* [Exercise instructions]: Every line of the entries below from the one containing "Kalter Pool mit" to the one containing "1950s Red Floral", both ends included, must be written out exactly. No other line belongs in the answer.

=-=-=-=-=

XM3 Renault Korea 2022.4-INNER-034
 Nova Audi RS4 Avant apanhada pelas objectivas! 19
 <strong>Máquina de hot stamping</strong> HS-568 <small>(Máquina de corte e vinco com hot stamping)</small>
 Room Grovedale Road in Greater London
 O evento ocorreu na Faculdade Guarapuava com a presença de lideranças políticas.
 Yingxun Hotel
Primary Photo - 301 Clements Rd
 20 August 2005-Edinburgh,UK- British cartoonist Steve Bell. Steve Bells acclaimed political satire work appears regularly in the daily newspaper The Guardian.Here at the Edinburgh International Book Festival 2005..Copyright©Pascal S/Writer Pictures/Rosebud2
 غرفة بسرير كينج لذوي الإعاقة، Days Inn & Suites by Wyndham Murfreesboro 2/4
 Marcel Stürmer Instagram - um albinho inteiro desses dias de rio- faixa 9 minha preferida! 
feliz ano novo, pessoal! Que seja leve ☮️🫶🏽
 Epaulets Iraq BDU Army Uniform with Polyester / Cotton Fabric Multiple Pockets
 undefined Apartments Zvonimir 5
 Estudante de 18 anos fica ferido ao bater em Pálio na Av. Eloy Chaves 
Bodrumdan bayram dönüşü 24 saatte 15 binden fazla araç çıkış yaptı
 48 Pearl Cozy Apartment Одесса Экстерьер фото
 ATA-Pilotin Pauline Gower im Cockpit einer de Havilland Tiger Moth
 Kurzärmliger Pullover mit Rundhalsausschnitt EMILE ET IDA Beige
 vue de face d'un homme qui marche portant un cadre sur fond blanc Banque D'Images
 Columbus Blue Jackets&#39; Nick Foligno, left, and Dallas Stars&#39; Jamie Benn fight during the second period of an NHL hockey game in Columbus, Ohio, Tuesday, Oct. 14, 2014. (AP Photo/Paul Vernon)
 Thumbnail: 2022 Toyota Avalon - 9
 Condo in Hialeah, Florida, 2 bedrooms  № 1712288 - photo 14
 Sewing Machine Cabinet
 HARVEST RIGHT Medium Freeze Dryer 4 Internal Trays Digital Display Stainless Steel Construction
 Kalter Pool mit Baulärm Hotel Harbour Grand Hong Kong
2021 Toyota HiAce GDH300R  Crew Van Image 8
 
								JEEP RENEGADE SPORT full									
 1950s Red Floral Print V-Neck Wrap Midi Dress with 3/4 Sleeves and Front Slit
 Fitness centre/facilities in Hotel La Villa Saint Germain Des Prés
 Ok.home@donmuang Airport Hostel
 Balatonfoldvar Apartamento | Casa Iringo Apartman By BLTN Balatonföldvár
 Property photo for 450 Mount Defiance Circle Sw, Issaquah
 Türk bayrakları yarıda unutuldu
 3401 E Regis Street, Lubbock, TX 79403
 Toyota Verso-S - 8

=-=-=-=-=

* [Exercise solution]:
 Kalter Pool mit Baulärm Hotel Harbour Grand Hong Kong
2021 Toyota HiAce GDH300R  Crew Van Image 8
 
								JEEP RENEGADE SPORT full									
 1950s Red Floral Print V-Neck Wrap Midi Dress with 3/4 Sleeves and Front Slit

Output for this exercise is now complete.